Nodes store data in the form of key-value pairs. A key can be thought of as a name or unique identifier which corresponds to a particular piece of data, such as the name of a smart contract or the token balance information for a particular address.

In order to locate the particular value to be changed, the key is used. Since every node processes every transaction in the exact same order, we expect each node to determine the same keys and values, and therefore share the same state.

To verify that the nodes do indeed share the same state, we can use a Merkle Patricia trie. As we outlined in the previous episode, the Patricia trie component is a data structure that organizes keys by any shared prefixes, and the Merkle tree component provides a cryptographic fingerprint of the whole structure that can be used to authenticate its state.

Merkle Patricia trie

In the image below, we have a simplified Merkle Patricia trie that stores three key-value pairs. You can think of this tree as a snapshot of a node’s storage. In our case, the trie shows how three pieces of balance data are stored.

At the top of the trie, we have the first node which contains the key b3, the shared prefix of our three keys b31d4, b38a2, and b3d6f. If we had more keys that started with b3, they would all be found on a child node that branched out from this same point.

Simple example of a Merkle Patricia trie

To discover the values of each key, we follow the trie down just as we did with the Patricia trie. In the next node, n2, we have 16 branches to choose from, each corresponding to one of the 16 possible hexadecimal digits (0-9, a-f). For example, if we wanted to find the value that corresponds to the key b38a2, we would follow the branch from 8, leading us to node n4. In our simple trie, this node holds the last part of our key, a2, and points us to the stored value, 13.12 GAS.

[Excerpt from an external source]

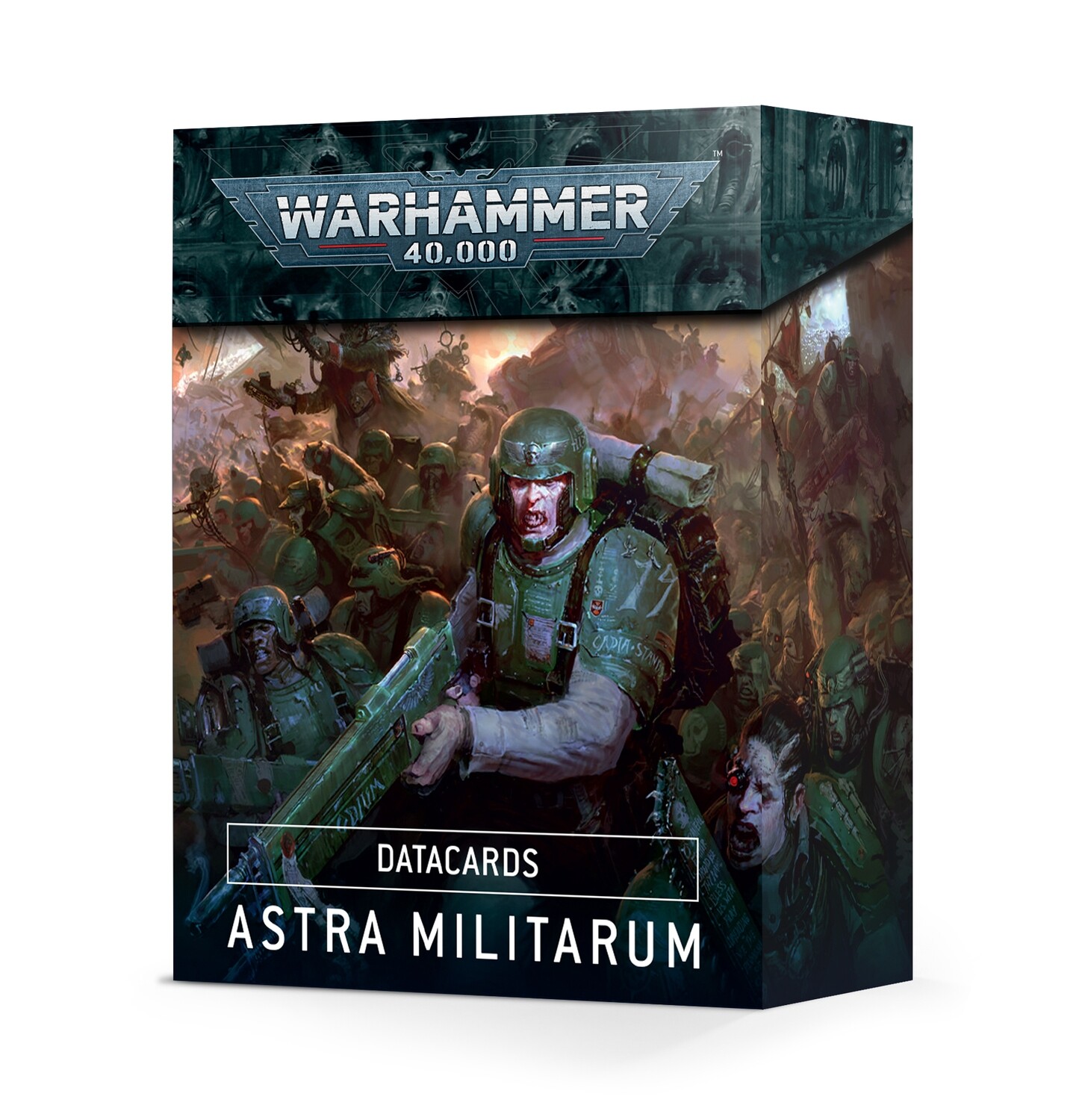 (Preorder 1/28) Datacards: Astra Militarum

Inversely, we can also follow the trie upwards to discover the Merkle root, starting with the stored values just as we did with the Merkle tree in the previous episode. To find the hash of n3, n4, and n5, we first need the hashes of each value. We can hash each of those nodes together with their hashed values in order to determine the hash of n2. With the hash of n2, we can determine the hash of n1, which corresponds to our Merkle root.

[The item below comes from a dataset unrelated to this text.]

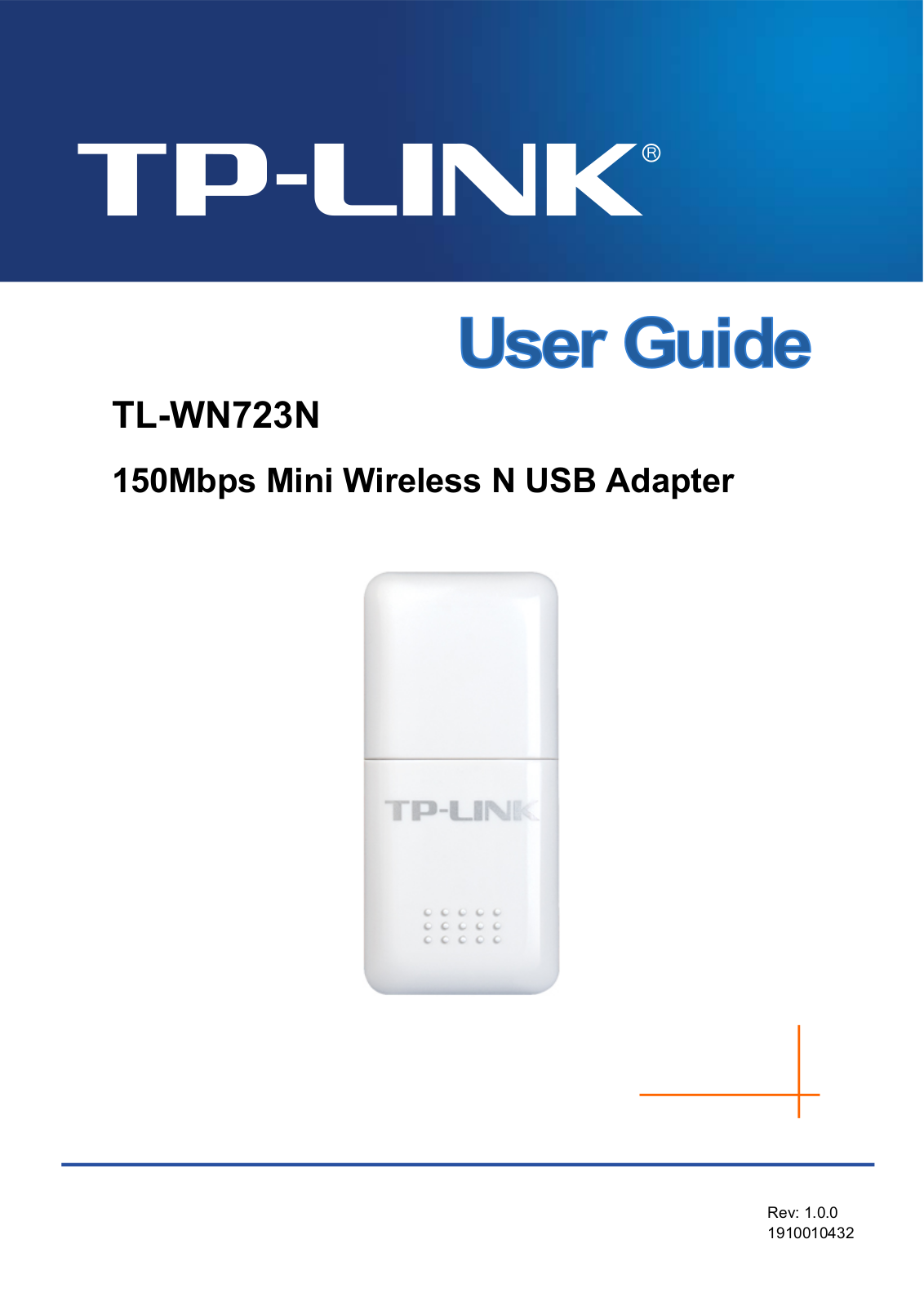 TP Link WN723N User Guide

If all nodes on the network have the exact same information in storage, they will all share the same Merkle root. Conversely, if a node has different data stored, such as an incorrect value for a particular key, the hashing process will result in a completely different Merkle root being generated. This makes it very easy to check if a node is out of alignment with the view held by consensus nodes.

MPT implementation

The implementation of MPT for Neo is ongoing, with development efforts currently being led by Zhang Tao, a software engineer for Neo Global Development. As with our example above, three main node types are used in the structure:

  1. Full node (branch node) – has a branch for each hex digit plus a value (n2)
  2. Short node – has only one key along with a pointer. Two types exist:
    • Extension node – one key and a pointer to the next node (n1)
    • Leaf node – one key that points to a value node (n3, n4, n5)
  3. Value node – stores the final value for a key

Additionally, there are also hash nodes, which corresponds to the hash of a particular node in the trie. These are used for efficiency—since many stored values are not immediately required, there is no need to store the full data for a particular node.

If this information is required later, we can determine the correct value using the state root and Merkle proofs, as Tao explains:

“When we store a node, n1 for example, [we] use a HashNode to represent n2 in [the] next part. So in [the] database, the key is [the] hash of n1 and the value is n1’s key part and hash of n2. So we can use the database and just the state root hash to build the whole tree part by part [that] we need.”

Following the implementation of MPT and other required components, both full nodes and light nodes on the Neo network will be able to provide strong storage consistency guarantees. Additionally, it paves the way for new use cases, such as facilitating local computation on light nodes through checkpointing, and ensures that node storage is auditable and trustworthy, a requirement for both normal end users and enterprise applications alike.